Source data:
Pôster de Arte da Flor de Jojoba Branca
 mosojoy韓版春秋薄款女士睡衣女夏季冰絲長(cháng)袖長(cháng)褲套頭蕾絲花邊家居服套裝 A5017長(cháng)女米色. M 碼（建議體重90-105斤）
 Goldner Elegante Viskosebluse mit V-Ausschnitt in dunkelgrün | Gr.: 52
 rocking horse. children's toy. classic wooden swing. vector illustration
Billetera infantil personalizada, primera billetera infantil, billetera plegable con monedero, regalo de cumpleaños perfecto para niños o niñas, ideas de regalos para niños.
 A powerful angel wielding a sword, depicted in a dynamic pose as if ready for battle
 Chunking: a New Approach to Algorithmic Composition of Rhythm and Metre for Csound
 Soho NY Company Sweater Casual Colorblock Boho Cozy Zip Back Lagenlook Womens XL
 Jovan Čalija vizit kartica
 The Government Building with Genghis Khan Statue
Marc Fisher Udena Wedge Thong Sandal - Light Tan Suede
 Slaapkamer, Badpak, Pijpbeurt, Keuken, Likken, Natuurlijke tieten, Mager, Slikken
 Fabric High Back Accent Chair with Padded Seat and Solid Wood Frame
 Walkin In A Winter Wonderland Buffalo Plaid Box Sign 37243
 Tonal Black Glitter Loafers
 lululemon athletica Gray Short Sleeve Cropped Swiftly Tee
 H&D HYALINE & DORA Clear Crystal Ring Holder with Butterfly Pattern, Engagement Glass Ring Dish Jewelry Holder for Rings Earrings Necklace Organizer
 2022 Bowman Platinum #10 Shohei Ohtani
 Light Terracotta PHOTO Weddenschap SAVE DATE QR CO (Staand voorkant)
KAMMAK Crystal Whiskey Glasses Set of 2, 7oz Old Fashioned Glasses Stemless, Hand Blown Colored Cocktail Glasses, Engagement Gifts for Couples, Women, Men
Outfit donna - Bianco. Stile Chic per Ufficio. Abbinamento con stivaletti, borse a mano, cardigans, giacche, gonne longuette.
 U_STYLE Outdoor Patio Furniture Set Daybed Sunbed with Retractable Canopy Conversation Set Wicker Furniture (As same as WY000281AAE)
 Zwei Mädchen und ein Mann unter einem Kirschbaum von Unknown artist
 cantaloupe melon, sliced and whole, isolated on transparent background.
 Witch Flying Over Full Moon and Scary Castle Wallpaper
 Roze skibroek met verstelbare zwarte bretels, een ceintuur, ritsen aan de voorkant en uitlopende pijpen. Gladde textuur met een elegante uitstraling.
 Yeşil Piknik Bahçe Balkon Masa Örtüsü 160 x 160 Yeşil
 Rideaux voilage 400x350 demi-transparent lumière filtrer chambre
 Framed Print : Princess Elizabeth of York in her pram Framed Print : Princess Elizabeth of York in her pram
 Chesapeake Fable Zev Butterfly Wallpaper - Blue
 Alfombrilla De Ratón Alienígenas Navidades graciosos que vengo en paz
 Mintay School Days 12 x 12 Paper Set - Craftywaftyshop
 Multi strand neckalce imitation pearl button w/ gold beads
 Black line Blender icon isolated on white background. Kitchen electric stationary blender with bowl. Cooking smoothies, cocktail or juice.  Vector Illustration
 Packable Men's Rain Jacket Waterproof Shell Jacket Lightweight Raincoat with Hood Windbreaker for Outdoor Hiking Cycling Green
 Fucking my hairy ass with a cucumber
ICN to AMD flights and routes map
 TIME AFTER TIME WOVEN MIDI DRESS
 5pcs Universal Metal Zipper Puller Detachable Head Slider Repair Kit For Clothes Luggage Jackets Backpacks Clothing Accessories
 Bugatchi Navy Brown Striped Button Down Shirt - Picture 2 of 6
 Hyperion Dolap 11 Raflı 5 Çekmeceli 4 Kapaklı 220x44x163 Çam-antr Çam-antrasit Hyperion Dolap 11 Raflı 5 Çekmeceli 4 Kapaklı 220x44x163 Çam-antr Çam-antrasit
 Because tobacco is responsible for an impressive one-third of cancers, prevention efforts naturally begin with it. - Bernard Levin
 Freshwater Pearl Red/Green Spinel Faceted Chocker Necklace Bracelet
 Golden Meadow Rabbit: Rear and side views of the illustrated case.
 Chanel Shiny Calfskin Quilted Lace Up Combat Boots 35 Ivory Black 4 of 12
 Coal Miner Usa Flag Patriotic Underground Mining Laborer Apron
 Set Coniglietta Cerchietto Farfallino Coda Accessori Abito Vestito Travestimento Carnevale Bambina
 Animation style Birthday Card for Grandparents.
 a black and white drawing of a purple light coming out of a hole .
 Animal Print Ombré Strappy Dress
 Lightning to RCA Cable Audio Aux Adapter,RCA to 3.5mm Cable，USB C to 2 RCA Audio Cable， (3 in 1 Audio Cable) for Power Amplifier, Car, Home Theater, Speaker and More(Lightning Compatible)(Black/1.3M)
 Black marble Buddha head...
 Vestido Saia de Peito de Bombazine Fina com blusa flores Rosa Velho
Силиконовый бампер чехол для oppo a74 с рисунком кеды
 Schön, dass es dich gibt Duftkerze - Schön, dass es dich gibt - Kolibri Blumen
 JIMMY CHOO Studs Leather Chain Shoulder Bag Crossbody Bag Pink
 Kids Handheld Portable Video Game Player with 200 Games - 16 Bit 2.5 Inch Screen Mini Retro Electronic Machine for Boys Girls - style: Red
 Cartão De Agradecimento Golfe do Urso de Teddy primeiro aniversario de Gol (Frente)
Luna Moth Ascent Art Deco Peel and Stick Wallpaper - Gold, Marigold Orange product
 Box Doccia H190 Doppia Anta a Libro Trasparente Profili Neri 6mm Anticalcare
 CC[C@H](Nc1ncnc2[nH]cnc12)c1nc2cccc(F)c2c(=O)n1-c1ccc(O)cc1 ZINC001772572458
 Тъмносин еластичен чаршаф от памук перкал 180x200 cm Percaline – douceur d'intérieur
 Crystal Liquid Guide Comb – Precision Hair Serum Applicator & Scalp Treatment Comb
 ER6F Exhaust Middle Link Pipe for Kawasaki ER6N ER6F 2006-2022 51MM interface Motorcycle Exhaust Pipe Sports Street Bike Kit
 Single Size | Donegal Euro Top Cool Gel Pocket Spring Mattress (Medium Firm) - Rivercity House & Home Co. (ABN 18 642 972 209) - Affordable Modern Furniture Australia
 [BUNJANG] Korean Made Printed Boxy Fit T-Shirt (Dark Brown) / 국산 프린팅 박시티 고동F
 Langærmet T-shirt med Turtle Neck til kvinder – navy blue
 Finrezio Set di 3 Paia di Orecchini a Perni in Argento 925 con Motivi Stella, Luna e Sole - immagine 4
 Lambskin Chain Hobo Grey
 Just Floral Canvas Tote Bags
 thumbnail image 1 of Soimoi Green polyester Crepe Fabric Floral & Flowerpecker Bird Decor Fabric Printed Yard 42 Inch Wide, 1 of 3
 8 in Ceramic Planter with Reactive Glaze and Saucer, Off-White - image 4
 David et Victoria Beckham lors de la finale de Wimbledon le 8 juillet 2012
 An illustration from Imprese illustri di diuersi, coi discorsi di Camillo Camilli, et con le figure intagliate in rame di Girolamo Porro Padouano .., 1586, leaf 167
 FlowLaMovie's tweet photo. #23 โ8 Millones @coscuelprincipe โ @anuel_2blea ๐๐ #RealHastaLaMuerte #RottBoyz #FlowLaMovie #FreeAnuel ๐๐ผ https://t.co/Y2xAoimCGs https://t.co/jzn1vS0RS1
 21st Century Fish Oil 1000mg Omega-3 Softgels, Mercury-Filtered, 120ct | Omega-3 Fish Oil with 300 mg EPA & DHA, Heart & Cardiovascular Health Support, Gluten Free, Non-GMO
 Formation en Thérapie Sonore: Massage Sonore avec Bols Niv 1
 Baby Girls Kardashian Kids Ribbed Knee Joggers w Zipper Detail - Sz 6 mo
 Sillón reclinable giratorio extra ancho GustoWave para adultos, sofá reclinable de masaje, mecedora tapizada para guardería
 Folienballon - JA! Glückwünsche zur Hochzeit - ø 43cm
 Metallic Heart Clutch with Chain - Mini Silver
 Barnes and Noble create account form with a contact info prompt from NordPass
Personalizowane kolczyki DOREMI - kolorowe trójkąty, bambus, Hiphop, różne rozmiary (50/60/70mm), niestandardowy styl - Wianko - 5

TASK BRIEF: Scan the entries above for the string "Zipper", and copy every line where it turns up.

ANSWER TO THE PROBLEM:
 5pcs Universal Metal Zipper Puller Detachable Head Slider Repair Kit For Clothes Luggage Jackets Backpacks Clothing Accessories
 Baby Girls Kardashian Kids Ribbed Knee Joggers w Zipper Detail - Sz 6 mo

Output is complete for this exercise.